The use of profile is very simple. you only need to import it before use. The specific example is as follows:
Listing 8. using profile for performance analysis
import profile def profileTest(): Total =1; for i in range(10): Total=Total*(i+1) print Total return Total if __name__ == "__main__": profile.run("profileTest()")
The program running result is as follows:
Figure 1. performance analysis results
The specific explanations of each output column are as follows:
Ncballs: number of function calls;
Tottime: specifies the total running time of the function, removing the running time of the function that calls the sub-function;
Percall: (the first percall) is equal to tottime/ncils;
Cumtime: indicates the time when the function and all its subfunctions call and run, that is, the time when the function starts to call and returns;
Percall: (the second percall) indicates the average time of a function running, which is equal to cumtime/nccalls;
Filename: lineno (function): The details of each function call;
To save the output as a log, you only need to add another parameter during the call. For example, profile. run ("profileTest ()", "testprof ").

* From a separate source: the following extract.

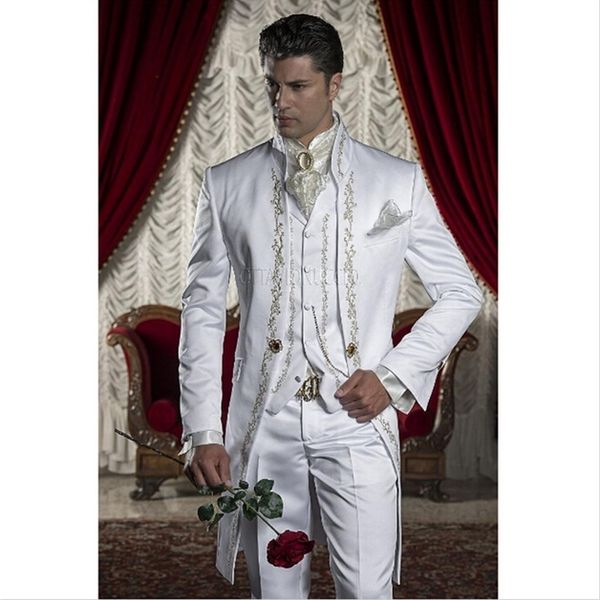 Estilo Clássico Doelho Bordado Noivo TuxeDos Branco Groomsmen Homens Prom Ternos De Prom Fatos Blazer com Calças (Casaco + Calças + Colete) Y201026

If profile profiling data is saved as a binary file, you can use the pstats module to analyze text reports. it supports multiple forms of report output, is a more practical tool on the text interface. Easy to use:
import pstats p = pstats.Stats('testprof') p.sort_stats("name").print_stats()
The sort_stats () method can sort the split data and accept multiple sorting fields. for example, sort_stats ('name', 'file') will first sort the data by function name, then sort by file name. Common sorting fields include cils, time, and cumulative. In addition, pstats provides command line interaction tools. after running python-m pstats, you can learn more about the usage through help.
For large applications, it is very practical and intuitive to present performance analysis results in a graphical manner. common visual chemicals include Gprof2Dot, visualpytune, KCacheGrind, etc, you can check the official website on your own. This article will not discuss it in detail.